This is the final piece of our story of Saint Ben — the closing scenes following Ben’s death. It contains Jonathan’s great grief, but ends in delight with profound implications for us all.
Following Ben’s death, Jonathan refuses to speak to anyone. The next time he is at church, he retreats to their secret place in the bell tower and lets Grizzly know his intent to stay up there indefinitely, and Grizzly guards him religiously. Since Jonathan isn’t speaking, he and mute Grizzly are on equal terms. In fact, Grizzly’s silence is the perfect receptacle for Jonathan’s grief.
Jonathan stays up in the tower for three days. He only comes down to go to the bathroom, deliver his papers that are being dropped off at the church and sit silently with Grizzly. His parents endure his silence and trust Grizzly’s volunteer security. On the day of Ben’s funeral, before anyone is there, Jonathan sneaks down to the coffin with Grizzly and discovers, to his horror, that he can hardly recognize Ben. That’s because the people at the funeral home had put a smile on his face that had never been there, at least as long as Jonathan had known him. This was not the real Ben. Jonathan suddenly gets a Ben-shaped idea. He must do something. He can’t keep himself from doing it. He reaches in the coffin and adjusts the face of Ben until it resembles something more like his usual sarcastic smirk. Grizzly nods in approval.
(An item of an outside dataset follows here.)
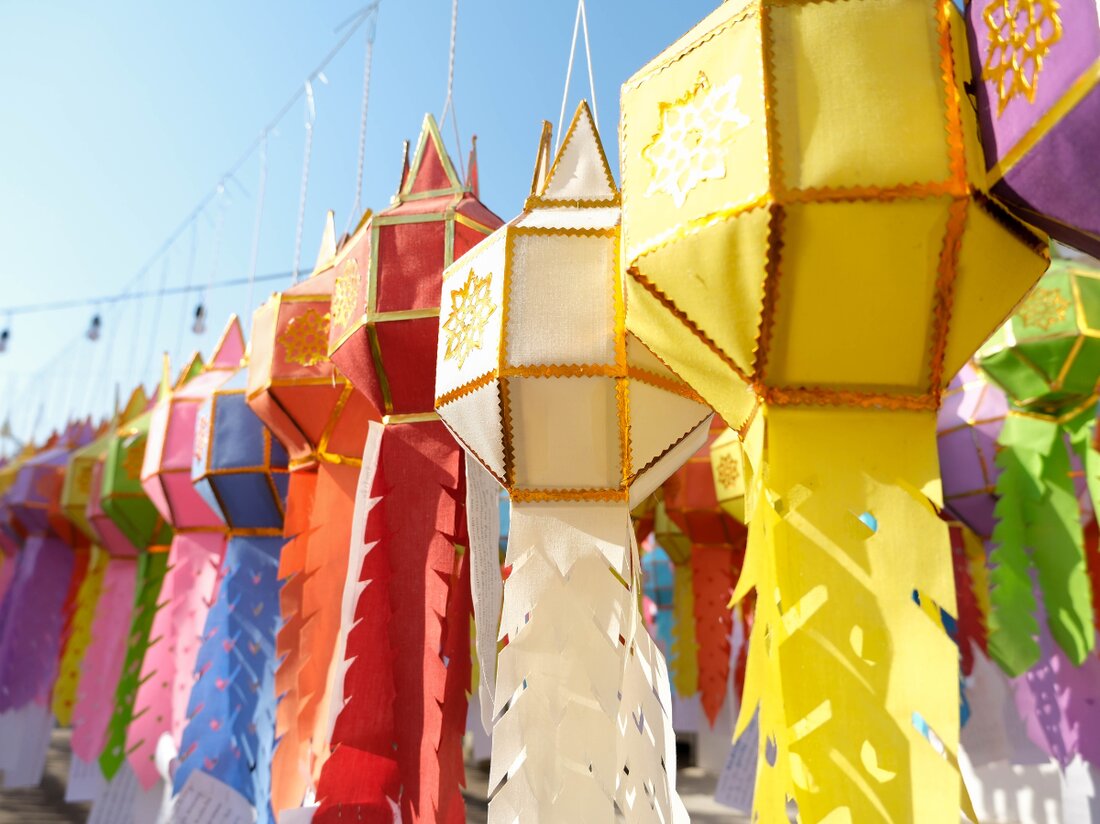 Erleben Sie ein einzigartiges Musikereignis mit "POTATO" und "ONLY MONDAY", das am 2. Dezember 2025 in Bangkok startet, um Freundschaft durch Musik zu feiern.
Back up the tower, Jonathan observes the large crowd of people filing in for the funeral service including the mayor and his wife. Pastor Beamering delivers a moving message in which he notes an unexplainable altering of Ben’s face and yet a change that truly captured Ben’s character. And then he closes with an announcement guaranteed to get Jonathan down from the tower: “And for those of you who are planning on following us to the cemetery, you will need to plan accordingly, because Mayor Seth Wilson has arranged for a police escort and a five-mile ride down the entire Tournament of Roses Parade route on Colorado Avenue — as a memorial to Ben. And Jonathan, if you can hear me, you have a personal invitation from the mayor to ride with him in the lead car. He is eager for you to join him.” Jonathan turns to the other side of the tower where a vent allows a view to the front of the church, and there, in front of the hearse that will carry Ben, and behind two motorcycle policemen, is the mayor’s 1958 Edsel convertible all decked out in roses as if in another parade.
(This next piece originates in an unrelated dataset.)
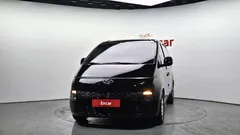2023 Hyundai Staria Tourer 9-Seater — фото 3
And as the funeral procession drives off with Jonathan and Grizzly in the back seat of that wonderful Edsel, we see the note Ben handed Jonathan stuck to the wall inside the tower:
“There is a God-shaped hole in the heart of Ben. There is a Ben-shaped hole in the heart of God.”
So they lost the Edsel and they lost Ben, but God gained a classic, and the Ford Motor company gained one too, though they have yet to realize it.
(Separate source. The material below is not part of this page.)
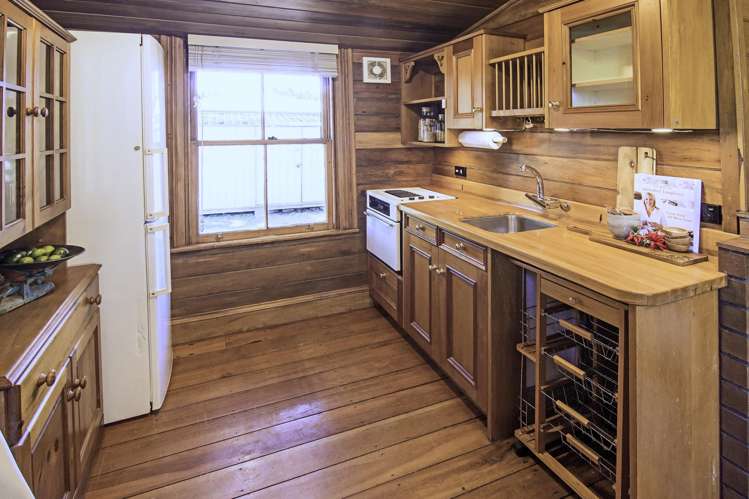 16 Hilton Road Carterton_5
“This was Ben’s own revelation. His odd shape, the horse-collar grille of his mouth, his sunken cheeks, the taillights of his ears curved inward, the gears of his mind that shifted from buttons in the steering column of his inner direction, the engine that ran with a fatal flaw, doomed from the start — this was all a part of the shape of Ben, and this was all loved by God and given a purpose on earth and in heaven. Ben was official.” (p. 277)
* * * * *
This is the core message of the story, Saint Ben. To take Pascal’s God-shaped vacuum in the heart of Ben and turn it around to a Ben-shaped vacuum in the heart of God — a place, by implication, that God has carved out in His heart for each one of us that is in exactly our shape. It gives us each worth and credibility — just like Ben — but most importantly, love. That the all-sufficient, all-powerful, all-knowing God would purposely create in Himself a “need” for us, is a mystery we will never fathom. But it’s true. And once we realize this, it changes the way we think about ourselves, and the way we think about others. God has created a hole in His heart for that person you are trying to tell about Jesus. And God has created a hole in His heart for that person you are having a hard time loving, so that maybe you should change your thinking about that person to bring it more in line with how He thinks about them. But by all means, receive and believe how He thinks about you.
“If only we could see the value of one soul like God does.”